- Task to carry out -
When the line containing "Maya, 25 — Escort" is found in the data below, copy it and each line after it through the line containing "Biihudu Novelty - , Polyester , Fit", exactly and with no others.

-- Opening Marker --

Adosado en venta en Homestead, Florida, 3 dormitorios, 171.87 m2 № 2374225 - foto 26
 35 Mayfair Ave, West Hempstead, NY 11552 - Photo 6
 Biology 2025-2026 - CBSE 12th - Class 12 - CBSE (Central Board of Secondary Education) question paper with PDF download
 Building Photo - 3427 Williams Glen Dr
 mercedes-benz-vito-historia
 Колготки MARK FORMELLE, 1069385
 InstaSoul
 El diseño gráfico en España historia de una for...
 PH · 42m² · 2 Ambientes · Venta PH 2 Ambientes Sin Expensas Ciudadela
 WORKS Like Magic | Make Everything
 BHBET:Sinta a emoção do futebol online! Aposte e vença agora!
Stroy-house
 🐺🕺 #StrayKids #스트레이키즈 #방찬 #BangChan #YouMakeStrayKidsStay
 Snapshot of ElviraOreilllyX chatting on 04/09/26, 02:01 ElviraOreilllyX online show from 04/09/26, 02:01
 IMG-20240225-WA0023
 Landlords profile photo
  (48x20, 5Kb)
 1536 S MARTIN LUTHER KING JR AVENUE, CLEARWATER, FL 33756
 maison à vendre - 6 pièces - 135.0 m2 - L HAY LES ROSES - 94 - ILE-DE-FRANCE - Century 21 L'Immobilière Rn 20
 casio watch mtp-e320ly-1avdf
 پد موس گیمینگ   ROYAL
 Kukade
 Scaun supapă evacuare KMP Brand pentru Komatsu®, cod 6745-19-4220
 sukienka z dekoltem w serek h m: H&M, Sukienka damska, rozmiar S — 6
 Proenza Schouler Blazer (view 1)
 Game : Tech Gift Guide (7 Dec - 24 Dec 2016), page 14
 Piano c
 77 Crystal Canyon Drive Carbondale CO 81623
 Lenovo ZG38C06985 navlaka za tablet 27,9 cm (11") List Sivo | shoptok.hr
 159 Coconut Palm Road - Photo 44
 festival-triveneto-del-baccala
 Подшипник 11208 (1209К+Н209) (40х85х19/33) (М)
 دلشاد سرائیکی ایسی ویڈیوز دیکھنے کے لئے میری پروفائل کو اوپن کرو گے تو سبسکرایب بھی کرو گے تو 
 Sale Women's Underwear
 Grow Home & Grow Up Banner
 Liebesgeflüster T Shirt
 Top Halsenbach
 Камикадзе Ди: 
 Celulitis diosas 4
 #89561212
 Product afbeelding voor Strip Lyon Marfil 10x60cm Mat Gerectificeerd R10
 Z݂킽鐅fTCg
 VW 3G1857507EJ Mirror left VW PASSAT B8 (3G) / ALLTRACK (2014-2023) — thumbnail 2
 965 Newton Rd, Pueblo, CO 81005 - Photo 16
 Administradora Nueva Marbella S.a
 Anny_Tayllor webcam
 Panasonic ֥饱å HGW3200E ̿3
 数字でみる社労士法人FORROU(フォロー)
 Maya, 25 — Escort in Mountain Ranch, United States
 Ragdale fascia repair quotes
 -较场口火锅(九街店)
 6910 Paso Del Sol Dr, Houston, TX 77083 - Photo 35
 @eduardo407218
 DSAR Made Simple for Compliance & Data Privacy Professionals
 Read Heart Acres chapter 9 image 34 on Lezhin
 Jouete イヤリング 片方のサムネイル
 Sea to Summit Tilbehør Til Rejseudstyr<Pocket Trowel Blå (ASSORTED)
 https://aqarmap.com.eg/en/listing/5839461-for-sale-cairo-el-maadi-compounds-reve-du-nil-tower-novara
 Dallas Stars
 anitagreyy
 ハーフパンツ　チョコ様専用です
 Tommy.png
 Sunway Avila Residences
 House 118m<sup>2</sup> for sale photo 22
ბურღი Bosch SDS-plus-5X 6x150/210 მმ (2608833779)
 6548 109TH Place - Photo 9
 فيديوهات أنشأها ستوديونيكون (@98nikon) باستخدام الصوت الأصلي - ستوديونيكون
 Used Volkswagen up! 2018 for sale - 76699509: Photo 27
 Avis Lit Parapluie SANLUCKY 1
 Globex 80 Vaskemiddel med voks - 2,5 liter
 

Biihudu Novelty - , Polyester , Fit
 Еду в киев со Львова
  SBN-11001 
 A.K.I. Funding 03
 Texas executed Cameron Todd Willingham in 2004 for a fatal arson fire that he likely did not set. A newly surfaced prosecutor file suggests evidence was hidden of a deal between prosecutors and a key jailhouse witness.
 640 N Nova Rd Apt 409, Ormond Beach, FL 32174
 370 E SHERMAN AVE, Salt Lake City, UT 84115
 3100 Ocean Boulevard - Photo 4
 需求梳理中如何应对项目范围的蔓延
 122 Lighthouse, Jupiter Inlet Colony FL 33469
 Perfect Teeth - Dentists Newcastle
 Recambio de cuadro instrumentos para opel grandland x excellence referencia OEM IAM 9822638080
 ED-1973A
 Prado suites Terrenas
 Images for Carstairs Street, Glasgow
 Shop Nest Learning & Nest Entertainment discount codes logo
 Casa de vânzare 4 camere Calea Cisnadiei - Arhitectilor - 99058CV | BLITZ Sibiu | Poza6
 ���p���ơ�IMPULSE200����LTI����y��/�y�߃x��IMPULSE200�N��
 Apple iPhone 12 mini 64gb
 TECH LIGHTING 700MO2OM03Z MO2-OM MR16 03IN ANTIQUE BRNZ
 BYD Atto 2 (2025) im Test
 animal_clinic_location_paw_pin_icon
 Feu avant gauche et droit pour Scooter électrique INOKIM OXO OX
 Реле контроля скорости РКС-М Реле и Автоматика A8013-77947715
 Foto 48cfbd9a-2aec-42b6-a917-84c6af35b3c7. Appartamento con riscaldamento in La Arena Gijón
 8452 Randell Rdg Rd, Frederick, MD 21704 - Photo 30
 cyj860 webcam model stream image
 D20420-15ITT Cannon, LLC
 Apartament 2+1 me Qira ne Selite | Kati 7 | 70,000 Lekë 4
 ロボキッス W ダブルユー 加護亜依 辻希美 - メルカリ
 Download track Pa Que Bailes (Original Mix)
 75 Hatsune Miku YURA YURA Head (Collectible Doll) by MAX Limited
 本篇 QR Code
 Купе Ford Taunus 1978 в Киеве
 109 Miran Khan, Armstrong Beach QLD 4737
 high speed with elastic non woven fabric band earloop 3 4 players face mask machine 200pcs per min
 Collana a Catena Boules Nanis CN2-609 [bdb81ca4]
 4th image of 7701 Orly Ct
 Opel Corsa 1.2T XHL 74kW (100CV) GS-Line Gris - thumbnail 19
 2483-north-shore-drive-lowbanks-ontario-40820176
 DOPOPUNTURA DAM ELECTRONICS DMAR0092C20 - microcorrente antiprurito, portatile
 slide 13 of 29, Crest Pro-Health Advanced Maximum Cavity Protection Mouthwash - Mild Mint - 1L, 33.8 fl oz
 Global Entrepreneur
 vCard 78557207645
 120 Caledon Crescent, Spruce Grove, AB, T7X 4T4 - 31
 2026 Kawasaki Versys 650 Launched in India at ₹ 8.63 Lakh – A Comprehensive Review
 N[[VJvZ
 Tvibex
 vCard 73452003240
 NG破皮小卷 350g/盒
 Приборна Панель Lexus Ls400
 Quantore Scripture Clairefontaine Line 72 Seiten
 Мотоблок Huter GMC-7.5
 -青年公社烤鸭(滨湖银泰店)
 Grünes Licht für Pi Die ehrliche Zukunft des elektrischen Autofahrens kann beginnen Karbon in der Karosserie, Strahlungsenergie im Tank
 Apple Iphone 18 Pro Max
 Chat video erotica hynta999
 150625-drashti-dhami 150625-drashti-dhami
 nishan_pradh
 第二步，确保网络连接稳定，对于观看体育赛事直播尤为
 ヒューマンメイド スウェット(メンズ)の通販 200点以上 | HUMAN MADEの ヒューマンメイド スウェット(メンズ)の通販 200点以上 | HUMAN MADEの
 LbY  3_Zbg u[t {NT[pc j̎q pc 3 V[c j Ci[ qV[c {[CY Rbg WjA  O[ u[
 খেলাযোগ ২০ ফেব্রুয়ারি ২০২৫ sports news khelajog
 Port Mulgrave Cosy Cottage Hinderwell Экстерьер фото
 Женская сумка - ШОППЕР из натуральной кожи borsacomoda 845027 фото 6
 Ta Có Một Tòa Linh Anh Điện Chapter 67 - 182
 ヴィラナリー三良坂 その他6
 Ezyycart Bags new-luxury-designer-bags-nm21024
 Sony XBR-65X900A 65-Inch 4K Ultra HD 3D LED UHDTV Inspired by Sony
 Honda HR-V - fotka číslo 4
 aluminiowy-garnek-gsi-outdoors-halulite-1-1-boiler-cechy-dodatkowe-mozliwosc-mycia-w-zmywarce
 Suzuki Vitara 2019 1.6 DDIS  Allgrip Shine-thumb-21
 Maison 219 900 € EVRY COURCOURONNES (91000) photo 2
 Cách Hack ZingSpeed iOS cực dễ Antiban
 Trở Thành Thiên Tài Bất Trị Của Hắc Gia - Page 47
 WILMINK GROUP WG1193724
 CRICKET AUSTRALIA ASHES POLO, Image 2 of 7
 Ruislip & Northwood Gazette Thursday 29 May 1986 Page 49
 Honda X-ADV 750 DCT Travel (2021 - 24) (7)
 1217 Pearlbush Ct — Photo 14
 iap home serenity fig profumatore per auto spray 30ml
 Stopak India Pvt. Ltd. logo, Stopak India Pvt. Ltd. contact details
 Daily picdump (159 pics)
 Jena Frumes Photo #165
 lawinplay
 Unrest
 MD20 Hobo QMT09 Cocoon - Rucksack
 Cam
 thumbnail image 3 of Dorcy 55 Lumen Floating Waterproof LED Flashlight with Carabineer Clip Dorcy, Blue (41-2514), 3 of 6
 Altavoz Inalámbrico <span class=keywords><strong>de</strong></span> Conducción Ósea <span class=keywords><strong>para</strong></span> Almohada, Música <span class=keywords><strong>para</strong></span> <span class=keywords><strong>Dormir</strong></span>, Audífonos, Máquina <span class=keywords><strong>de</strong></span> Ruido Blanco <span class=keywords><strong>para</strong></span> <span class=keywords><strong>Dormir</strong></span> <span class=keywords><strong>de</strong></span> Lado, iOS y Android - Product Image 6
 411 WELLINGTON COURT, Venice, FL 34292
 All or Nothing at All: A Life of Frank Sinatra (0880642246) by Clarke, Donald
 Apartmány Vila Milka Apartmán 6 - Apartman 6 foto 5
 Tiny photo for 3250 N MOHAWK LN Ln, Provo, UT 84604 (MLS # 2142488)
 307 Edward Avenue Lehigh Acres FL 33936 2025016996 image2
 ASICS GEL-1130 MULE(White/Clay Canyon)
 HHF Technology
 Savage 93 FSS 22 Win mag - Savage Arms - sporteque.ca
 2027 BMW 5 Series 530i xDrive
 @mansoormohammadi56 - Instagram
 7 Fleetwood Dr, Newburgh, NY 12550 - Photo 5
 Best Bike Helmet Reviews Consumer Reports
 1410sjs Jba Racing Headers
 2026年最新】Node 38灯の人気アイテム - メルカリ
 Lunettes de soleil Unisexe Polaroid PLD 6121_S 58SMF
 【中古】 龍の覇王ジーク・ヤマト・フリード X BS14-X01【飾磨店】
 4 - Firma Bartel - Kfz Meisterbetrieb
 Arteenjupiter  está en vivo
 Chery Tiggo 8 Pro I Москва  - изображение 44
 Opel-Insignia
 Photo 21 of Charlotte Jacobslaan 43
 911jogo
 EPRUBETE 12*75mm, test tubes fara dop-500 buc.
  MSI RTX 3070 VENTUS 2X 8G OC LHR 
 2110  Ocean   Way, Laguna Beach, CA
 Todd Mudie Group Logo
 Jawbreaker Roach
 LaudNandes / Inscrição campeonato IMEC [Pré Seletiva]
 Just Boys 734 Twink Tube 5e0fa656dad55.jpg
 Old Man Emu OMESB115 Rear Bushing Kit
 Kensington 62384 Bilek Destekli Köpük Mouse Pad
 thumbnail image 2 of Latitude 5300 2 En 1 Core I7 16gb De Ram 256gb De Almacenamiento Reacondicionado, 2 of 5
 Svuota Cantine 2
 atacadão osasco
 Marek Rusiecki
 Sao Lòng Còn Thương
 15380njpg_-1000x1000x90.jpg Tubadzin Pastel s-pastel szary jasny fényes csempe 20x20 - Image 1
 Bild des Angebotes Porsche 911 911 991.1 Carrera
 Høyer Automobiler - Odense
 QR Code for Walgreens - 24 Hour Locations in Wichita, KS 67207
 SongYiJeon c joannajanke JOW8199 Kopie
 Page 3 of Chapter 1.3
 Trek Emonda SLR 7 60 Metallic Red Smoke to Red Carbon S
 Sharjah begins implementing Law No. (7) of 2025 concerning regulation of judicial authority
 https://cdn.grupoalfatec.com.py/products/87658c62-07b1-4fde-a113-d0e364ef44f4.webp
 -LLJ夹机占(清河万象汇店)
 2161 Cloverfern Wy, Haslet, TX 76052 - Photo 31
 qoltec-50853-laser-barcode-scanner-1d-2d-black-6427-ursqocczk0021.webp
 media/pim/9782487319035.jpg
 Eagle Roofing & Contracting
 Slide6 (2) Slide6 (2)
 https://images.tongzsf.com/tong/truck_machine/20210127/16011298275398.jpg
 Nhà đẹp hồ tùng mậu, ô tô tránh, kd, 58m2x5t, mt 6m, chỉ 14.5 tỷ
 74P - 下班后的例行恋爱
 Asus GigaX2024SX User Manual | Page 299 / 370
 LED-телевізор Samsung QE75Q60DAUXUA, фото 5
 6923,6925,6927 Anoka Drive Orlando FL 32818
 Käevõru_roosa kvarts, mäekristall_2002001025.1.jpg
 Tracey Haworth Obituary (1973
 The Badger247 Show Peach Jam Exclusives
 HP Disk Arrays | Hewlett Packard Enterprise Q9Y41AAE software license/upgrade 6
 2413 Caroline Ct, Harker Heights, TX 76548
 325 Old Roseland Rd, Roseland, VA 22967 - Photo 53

-- Closing Marker --

- The completed task -
 Maya, 25 — Escort in Mountain Ranch, United States
 Ragdale fascia repair quotes
 -较场口火锅(九街店)
 6910 Paso Del Sol Dr, Houston, TX 77083 - Photo 35
 @eduardo407218
 DSAR Made Simple for Compliance & Data Privacy Professionals
 Read Heart Acres chapter 9 image 34 on Lezhin
 Jouete イヤリング 片方のサムネイル
 Sea to Summit Tilbehør Til Rejseudstyr<Pocket Trowel Blå (ASSORTED)
 https://aqarmap.com.eg/en/listing/5839461-for-sale-cairo-el-maadi-compounds-reve-du-nil-tower-novara
 Dallas Stars
 anitagreyy
 ハーフパンツ　チョコ様専用です
 Tommy.png
 Sunway Avila Residences
 House 118m<sup>2</sup> for sale photo 22
ბურღი Bosch SDS-plus-5X 6x150/210 მმ (2608833779)
 6548 109TH Place - Photo 9
 فيديوهات أنشأها ستوديونيكون (@98nikon) باستخدام الصوت الأصلي - ستوديونيكون
 Used Volkswagen up! 2018 for sale - 76699509: Photo 27
 Avis Lit Parapluie SANLUCKY 1
 Globex 80 Vaskemiddel med voks - 2,5 liter
 

Biihudu Novelty - , Polyester , Fit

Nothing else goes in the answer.